Ouroboros, il serpente che si morde la coda

Il simbolo esoterico della ciclicità del tempo ha motivato le mie riflessioni e la scrittura di questa breve poesia:

Un eterno ritorno

è la mia vita,

si congiunge l’ inizio

con la fine,

la mia corsa si arrende

ad un finito bivio

di un infinito tempo.

Di fronte all’idea del tempo regolatore e misuratore tassonomico della nostra presenza finita, mi pongo non tanto con ragionamenti filosofici, quanto con riflessioni che nascono dal mio mondo poetico, dal mio “sentire” e dalla mia esperienza. In particolare il tema del “ritorno” assume una connotazione centrale nella mia visione poetica del tempo.

Avverto profondamente il fascino e il senso di un atto volontario, spesso sofferto, di una decisione che coinvolge la libertà dell’ uomo , ma che contestualmente subisce la contraddizione di verificarsi in un tempo infinito mediante atti che nel tempo si ripetono infinite volte. E’ come se tutto fosse già accaduto : esiste solo la possibilità del “qui ed ora”, nell’ attimo presente.

La mia vita è un eterno ritorno ma scorre su un nastro lineare infinito; sono intrappolata nella mia vicenda personale e nella mia costituzione psichica, tuttavia attraverso la rottura della  linearità riesco ad immaginare una circolarità che sfidi  l’ inesorabile corsa del tempo attraverso i ” ritorni “.

Il ritorno, seppure liberatorio, presuppone un avventuroso percorso su sentieri poco battuti, spesso, sconosciuti, abbagliati da miraggi e illusioni, da tentativi protesi alla conoscenza e realizzazione di “sé”.

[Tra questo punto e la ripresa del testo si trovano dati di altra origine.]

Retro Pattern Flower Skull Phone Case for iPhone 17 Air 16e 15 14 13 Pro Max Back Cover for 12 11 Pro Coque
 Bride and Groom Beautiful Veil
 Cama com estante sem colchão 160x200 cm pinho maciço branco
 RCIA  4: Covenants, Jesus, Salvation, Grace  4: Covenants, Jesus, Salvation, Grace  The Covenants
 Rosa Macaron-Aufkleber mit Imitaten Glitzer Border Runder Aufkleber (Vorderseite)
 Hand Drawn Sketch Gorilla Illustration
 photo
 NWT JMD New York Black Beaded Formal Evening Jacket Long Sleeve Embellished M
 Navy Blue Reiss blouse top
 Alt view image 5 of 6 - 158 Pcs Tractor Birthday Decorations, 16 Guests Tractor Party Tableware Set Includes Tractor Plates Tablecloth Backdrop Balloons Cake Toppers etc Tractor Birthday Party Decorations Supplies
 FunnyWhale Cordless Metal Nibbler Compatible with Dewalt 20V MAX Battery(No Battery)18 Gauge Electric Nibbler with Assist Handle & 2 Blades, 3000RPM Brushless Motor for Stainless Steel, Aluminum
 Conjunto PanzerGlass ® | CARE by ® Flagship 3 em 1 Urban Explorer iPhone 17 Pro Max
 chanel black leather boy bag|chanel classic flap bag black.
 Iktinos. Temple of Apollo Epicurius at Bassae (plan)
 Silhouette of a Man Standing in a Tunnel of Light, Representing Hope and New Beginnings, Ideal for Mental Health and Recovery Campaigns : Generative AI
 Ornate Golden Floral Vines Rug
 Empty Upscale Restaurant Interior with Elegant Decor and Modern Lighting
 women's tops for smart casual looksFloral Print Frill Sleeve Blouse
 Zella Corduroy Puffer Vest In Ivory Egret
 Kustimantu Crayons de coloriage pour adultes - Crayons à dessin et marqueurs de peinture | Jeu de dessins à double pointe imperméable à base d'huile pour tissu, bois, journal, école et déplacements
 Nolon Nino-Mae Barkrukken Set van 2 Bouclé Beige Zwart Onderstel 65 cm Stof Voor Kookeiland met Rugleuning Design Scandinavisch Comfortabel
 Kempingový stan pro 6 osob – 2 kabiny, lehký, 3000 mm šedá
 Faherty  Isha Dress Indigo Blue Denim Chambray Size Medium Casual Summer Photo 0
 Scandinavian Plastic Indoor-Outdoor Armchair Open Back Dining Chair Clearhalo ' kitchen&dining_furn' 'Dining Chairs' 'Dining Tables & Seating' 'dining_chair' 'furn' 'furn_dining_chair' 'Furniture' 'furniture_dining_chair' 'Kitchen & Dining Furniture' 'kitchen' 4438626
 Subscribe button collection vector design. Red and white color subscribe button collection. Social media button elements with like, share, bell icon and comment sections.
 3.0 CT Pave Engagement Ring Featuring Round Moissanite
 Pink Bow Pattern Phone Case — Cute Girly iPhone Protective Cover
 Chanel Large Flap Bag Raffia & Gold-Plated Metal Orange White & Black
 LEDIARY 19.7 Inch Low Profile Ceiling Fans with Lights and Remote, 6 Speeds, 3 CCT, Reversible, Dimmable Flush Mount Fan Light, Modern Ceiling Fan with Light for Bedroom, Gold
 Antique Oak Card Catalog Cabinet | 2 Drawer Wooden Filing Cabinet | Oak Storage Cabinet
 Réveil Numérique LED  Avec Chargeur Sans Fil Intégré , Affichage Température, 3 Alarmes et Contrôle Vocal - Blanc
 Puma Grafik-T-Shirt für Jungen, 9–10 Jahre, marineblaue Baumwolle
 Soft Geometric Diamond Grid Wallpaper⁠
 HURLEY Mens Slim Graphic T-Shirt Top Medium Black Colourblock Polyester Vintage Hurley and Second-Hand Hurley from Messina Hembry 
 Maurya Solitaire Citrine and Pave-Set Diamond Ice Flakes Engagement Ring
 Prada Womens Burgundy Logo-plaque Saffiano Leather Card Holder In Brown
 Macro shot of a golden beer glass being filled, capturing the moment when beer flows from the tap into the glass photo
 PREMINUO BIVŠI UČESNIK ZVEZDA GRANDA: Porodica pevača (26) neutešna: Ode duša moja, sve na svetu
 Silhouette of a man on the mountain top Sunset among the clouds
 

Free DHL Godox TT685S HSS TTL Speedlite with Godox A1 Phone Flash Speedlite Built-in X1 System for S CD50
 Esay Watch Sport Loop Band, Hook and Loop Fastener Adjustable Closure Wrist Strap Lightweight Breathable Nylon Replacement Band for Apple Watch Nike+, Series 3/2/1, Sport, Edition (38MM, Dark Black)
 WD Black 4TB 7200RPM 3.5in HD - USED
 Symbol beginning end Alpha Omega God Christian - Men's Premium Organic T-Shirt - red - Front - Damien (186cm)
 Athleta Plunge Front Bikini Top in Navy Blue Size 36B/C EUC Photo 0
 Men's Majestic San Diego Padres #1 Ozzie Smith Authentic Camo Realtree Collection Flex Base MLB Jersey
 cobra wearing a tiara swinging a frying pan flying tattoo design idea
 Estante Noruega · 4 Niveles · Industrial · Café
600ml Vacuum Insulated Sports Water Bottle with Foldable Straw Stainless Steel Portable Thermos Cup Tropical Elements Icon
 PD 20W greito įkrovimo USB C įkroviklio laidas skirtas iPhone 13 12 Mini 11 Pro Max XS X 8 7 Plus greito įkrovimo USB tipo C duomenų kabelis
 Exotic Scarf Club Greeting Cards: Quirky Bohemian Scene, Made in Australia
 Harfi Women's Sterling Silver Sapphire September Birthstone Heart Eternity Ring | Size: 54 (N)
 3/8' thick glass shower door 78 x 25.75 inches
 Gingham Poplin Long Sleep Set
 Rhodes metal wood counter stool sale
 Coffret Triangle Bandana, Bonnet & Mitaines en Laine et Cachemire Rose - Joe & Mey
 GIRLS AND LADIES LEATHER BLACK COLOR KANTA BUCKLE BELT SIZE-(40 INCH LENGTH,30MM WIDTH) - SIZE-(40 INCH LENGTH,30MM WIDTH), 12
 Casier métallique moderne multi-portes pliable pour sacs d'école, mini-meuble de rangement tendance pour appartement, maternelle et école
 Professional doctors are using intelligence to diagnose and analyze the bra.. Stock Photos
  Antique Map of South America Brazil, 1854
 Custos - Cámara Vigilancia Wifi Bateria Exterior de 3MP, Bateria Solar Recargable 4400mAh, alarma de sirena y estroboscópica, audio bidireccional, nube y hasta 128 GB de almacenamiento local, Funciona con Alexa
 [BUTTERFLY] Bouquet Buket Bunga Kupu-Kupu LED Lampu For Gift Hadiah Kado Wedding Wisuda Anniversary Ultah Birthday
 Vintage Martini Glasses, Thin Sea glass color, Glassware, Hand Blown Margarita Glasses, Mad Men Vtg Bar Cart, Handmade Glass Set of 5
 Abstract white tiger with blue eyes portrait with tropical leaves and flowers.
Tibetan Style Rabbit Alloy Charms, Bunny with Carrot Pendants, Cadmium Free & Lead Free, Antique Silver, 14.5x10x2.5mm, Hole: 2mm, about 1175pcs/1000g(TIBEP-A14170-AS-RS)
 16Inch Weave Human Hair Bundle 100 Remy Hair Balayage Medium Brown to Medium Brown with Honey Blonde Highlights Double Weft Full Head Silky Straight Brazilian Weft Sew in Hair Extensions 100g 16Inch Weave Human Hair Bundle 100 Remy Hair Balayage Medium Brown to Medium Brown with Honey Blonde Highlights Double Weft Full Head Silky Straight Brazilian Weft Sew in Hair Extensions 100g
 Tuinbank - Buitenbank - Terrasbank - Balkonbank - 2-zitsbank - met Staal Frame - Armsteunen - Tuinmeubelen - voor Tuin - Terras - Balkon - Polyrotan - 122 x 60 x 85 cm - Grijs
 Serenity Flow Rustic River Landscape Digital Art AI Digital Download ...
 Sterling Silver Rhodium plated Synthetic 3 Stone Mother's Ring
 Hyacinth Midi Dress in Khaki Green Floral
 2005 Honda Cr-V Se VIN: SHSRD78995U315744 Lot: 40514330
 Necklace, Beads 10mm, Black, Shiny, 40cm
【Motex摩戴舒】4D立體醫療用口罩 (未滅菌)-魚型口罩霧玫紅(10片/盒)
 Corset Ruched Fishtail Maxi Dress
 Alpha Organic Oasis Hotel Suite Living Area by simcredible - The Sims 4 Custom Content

Il viaggio avviene fuori e dentro me: è l’accumulazione delle esperienze, degli apprendimenti, delle emozioni e delle relazioni; vi sono piccole e grandi cose, spesso ritenute banali, che hanno profondamente inciso sulla mia consapevolezza e sul mio “sentire”, modificando il mio stato iniziale.

Mi sono posta in un continuo “andare”, come un pellegrino verso un santuario in cui deporre l’angoscia, il vuoto avvertito  che ora m’impone di fermare la corsa per ritornare nella mia realtà interiore e dare un senso alle azioni che riempiranno quel vuoto : ero andata lontano e non mi ero accorta che tutto era già qui.

Mi chiedo, allora, il perché dell’infinita linearità dell’abitare nel tempo e quale sia il mio destino se non quello di correre per sempre.

Ma perché ritornare? Non sarebbe più facile proseguire in avanti nell’ebbrezza dei desideri, affamata di conoscenza, senza limiti, attratta da una forza che mi calamita e rende difficile il soffermarsi nella meditazione e nell’osservazione dei miei pensieri. I ritorni sono quindi  le fermate obbligatorie, le crisi dell’esistenza, le solitudini in cui versa il pensiero affaticato dagli eccessi, dall’alienazione, dalla percezione del costante e crescente dolore dell’universo cui sento di appartenere.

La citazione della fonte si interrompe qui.